Eloge de la futilité

La semaine dernière, en vacances, j’ai eu la mauvaise idée de regarder mon téléphone à 3 heures du matin. Une centrale nucléaire venait d’être attaquée en Ukraine. Ce n’est que vers 4 heures que la situation a été rétablie et le risque atomique écarté.

Pendant une heure, j’ai eu tout le loisir de mesurer l’écart entre ma situation (dans une station de ski des Alpes) et celle, potentielle, du continent. Dans un demi-sommeil, j’ai pensé à des lieux de repli à la campagne, j’ai réfléchi à ce que je pouvais apporter dans un tel conflit, et je me suis inévitablement demandé à quoi je servais…

Car quoi de plus futile que la publicité ?

Le luxe peut-être ? Il ne sert qu’à étancher une recherche de légitimité ou à galvaniser l’image de soi. Pour certains c’est important.

Les loisirs ? Ils apportent de la joie et du réconfort, ce n’est pas négligeable.

Et la publicité ? A quoi sert-elle ?

Du point de vue des marques, elle n’apporte pas grand chose à la société (choisir entre un produit A et un produit B). Mais du point de vue des éditeurs, la publicité reste le moyen le plus répandu de financer des contenus.

Quand on parle de contenus, il est de bon ton de mentionner la presse libre. Sa dépendance aux annonceurs n’a je pense qu’une faible influence sur ses prises de position.
Mais il n’y a pas que des journalistes de guerre qui risquent leur vie pour nous informer. La publicité finance aussi des vidéos de chat et des influenceurs débiles !

OK, comme me l’a dit Nico, alors qu’on se demandait en 2020 pourquoi repartir dans la publicité : “dans la pub, on ne sauve pas des vies, mais on ne tue personne”.

Alors comment concilier la futilité d’un secteur professionnel avec la gravité de l’actualité ?

Premièrement, il faut bien continuer à vivre et faire ce qu’on sait faire. Je ne serais pas très utile au fond d’une tranchée avec une kalachnikov à la main.

Deuxièmement, on peut aider indirectement, financièrement, ou en prenant la plume comme je le fais aujourd’hui.

Car non, je ne suis pas parti me battre, comme le héros de mon film culte “N’oublie pas que tu vas mourir” de Xavier Beauvois.

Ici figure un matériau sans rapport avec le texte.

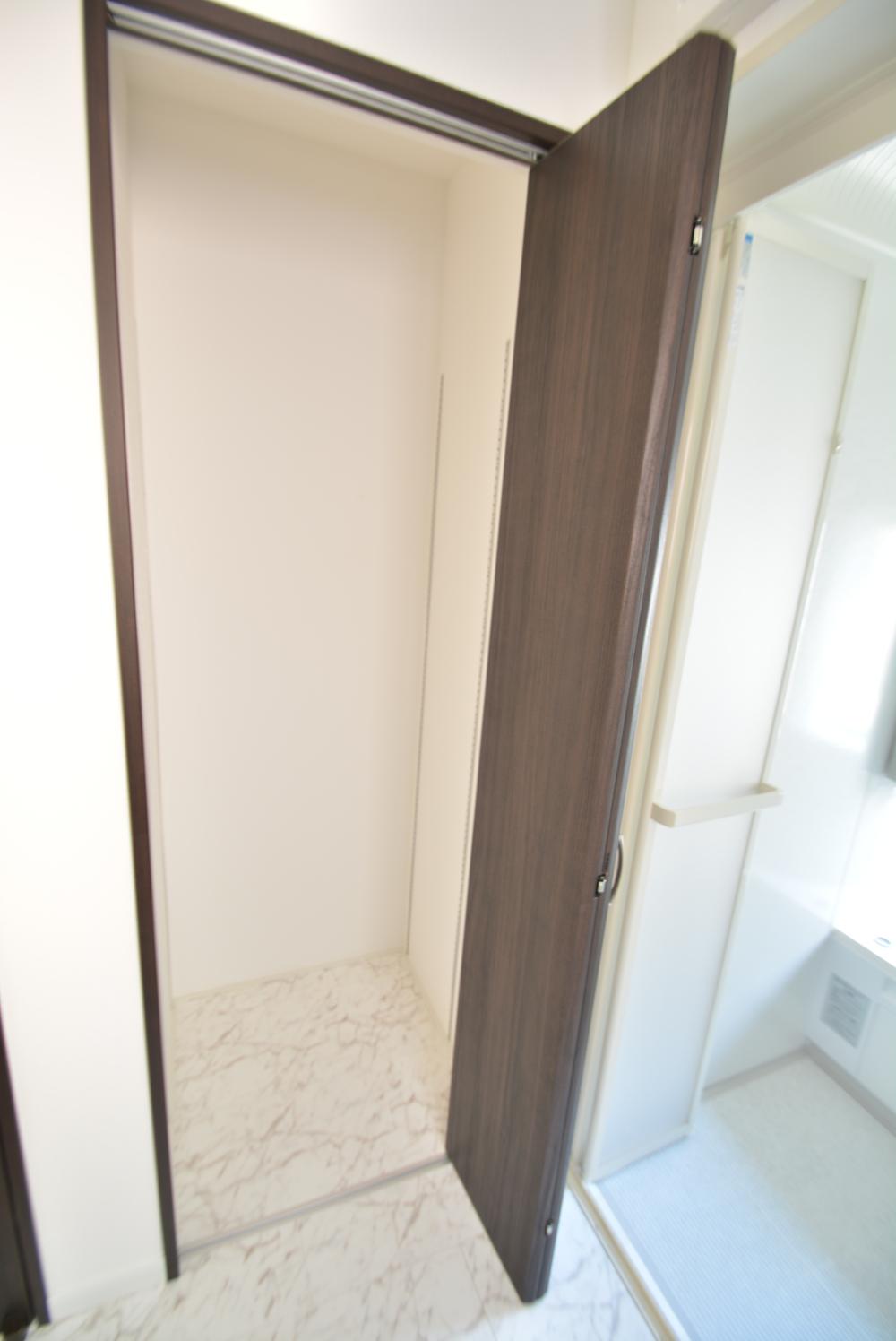 Receipt. The washroom was provided with a linen cabinet!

Je suis ici, au travail. Mais je me sens obligé de justifier ma présence sur ce marché publicitaire, tellement futile.

Ce qui se passe en Ukraine nous concerne et nous dépasse tous à la fois. Rien n’est peut-être plus important dans nos vies en ce moment. Il se peut qu’elles ne soient plus jamais les mêmes…

Mais il arrive que la futilité s’apparente à une forme de grandeur. Continuer à vivre, malgré tout, à rire, à aimer, à lire, à jouer.

Dans ma nouvelle préférée de JL Borges, “Tlön Uqbar Orbis Tertius” (publiée dans Fictions), le narrateur constate que le réel se trouve envahi par une encyclopédie qui redéfinit l’univers. Il conclut la nouvelle ainsi :
“Le monde sera Tlön. Je ne m’en soucis guère, je continue à revoir, pendant les jours tranquilles à l’hôtel d’Adrogué, une indécise traduction quévédienne (que je ne pense pas donner à l’impression) de l’ “Urn Burial” de Browne”.

Traduire un texte inconnu, sans même vouloir le partager ! Quoi de plus futile, alors que le monde s’écroule autour de lui !

Il y a une beauté, une noblesse à la futilité, malgré tout.